PhenDiff: Revealing Subtle Phenotypes with Diffusion Models in Real Images


Introduction

This repository contains the code needed both

  1. to train (or fine-tune) diffusion models
  2. to perform image-to-image class translation with pretrained models

⬇️ Install

⚙️ Dependencies

To install the required dependencies, run:

mamba install -f environment.yaml

or:

conda env create -f environment.yml

📊 Experiment tracker

The only supported experiment tracker for now is wandb. You will need a configured Weights & Biases environement to log information for both kind of experiments.

📉 Train models

Training or fine-tuning diffusion models is in principle performed by running the following command:

accelerate launch {accelerate args} train.py {script args}

where:

🐥 Example training commands

Local examples

Some examples of commands launching a training experience can be found in the examples/examples_training_scripts folder.
They consist in bash/zsh scripts handling the configuration of both accelerate and the training script train.py. They can be called directly from the command line.

Two examples:

Configure these examples launchers to your neeeds!

[!NOTE] Future version will probably use Hydra to handle the training configuration.

SLURM examples

The SLURM_launch_script_<xxx>.sh files demonstrate how to adapt these bash scripts to a SLURM cluster.

They are meant to launch a series of runs at different sizes of training data on the A100 partition of the Jean Zay CNRS cluster.

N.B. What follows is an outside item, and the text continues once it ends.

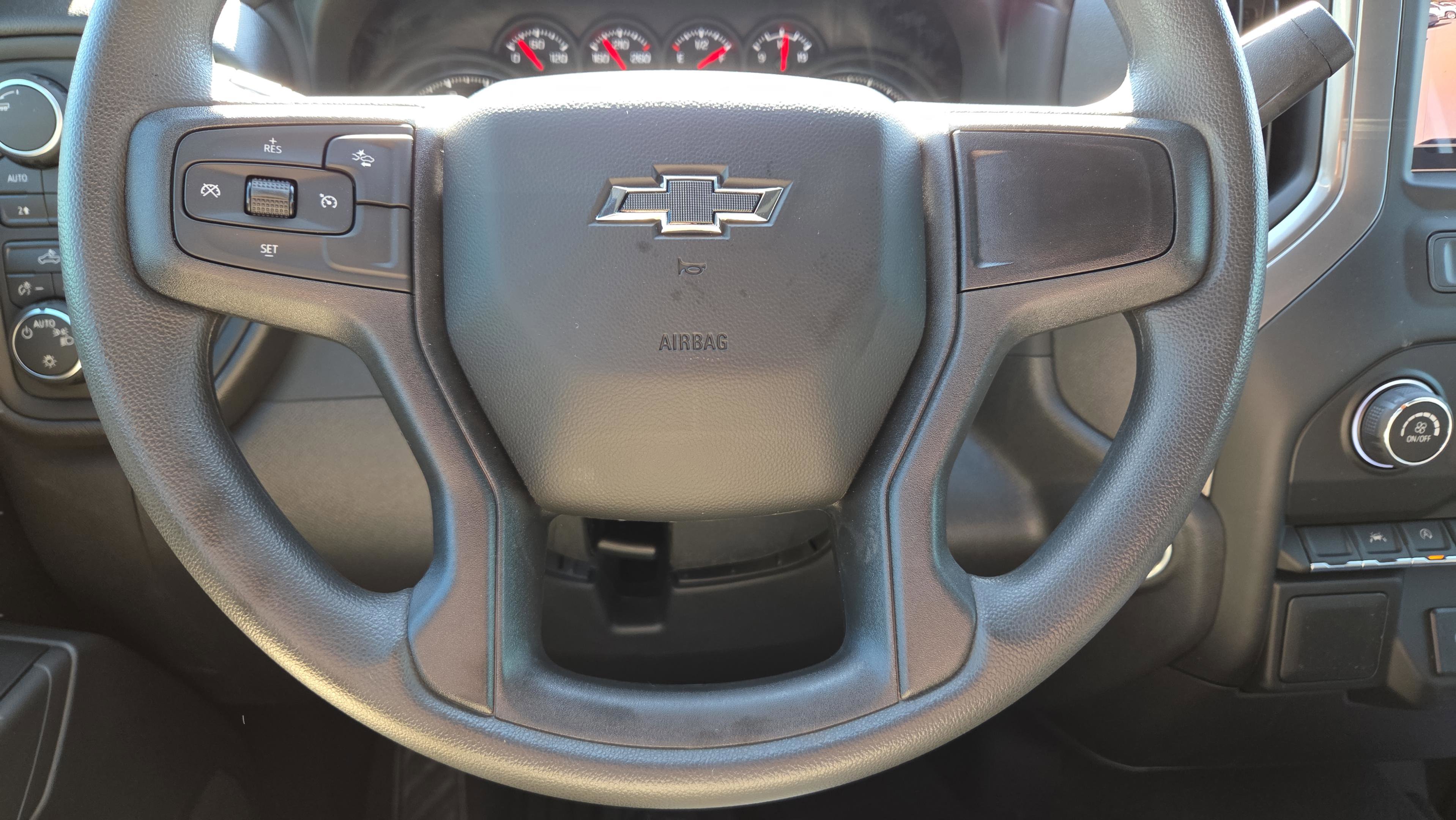 New 2026 Chevrolet Silverado 1500 Custom Trail Boss w/ Dark Appearance Package AWD/4WD image 24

They load a custom python environement located at ${SCRATCH}/micromamba/envs/diffusion-experiments with micromamba; adapt to your needs!

🎨 Image-to-image class transfer

Image-to-image class transfer experiments are performed with the img2img_comparison_launcher.py script, which additionally handles the configuration of accelerate and possibly submits the jobs to the SLURM manager. It can be called as:

python img2img_comparison_launcher.py {hydra overrides} &

Configuration

The image-to-image class transfer experiments are configured with Hydra. Example configuration files can be found in the examples/example_img2img_comparison_conf folder.

The img2img_comparison_launcher.py script expects a configuration folder named my_img2img_comparison_conf to be located in the directory where it is called, and a file named general_config.yaml inside this configuration folder.
These defaults can be overriden with the --config-path and --config-name Hydra arguments.

[!NOTE] To prevent the experiment config being modified between the job submission and the job launch (which can typically take quite some time when submitting to SLURM), the entire config is copied to the experiment folder and the submitted job will pull its config from there.

Hyperparameters sweep

TODO

Outputs

All experiments (either training or class transfer) output artifacts following the project/run organization of wandb:

- exp_parent_folder
|   - project
|   |   - run_name

where exp_parent_folder is any base path on the system, and project and run_name are both the names of the folder created by the scripts on the system and the project and run names on wandb (1-on-1 correspondence).
When Hydra is used, an additional timestamped sub-folder hierarchy is also created under the run_name folder:

- run_name
|   - day
|   |   - hour

This is especially important when doing sweeps, so that runs with the same name but with different hyperparameters do not overwrite each other.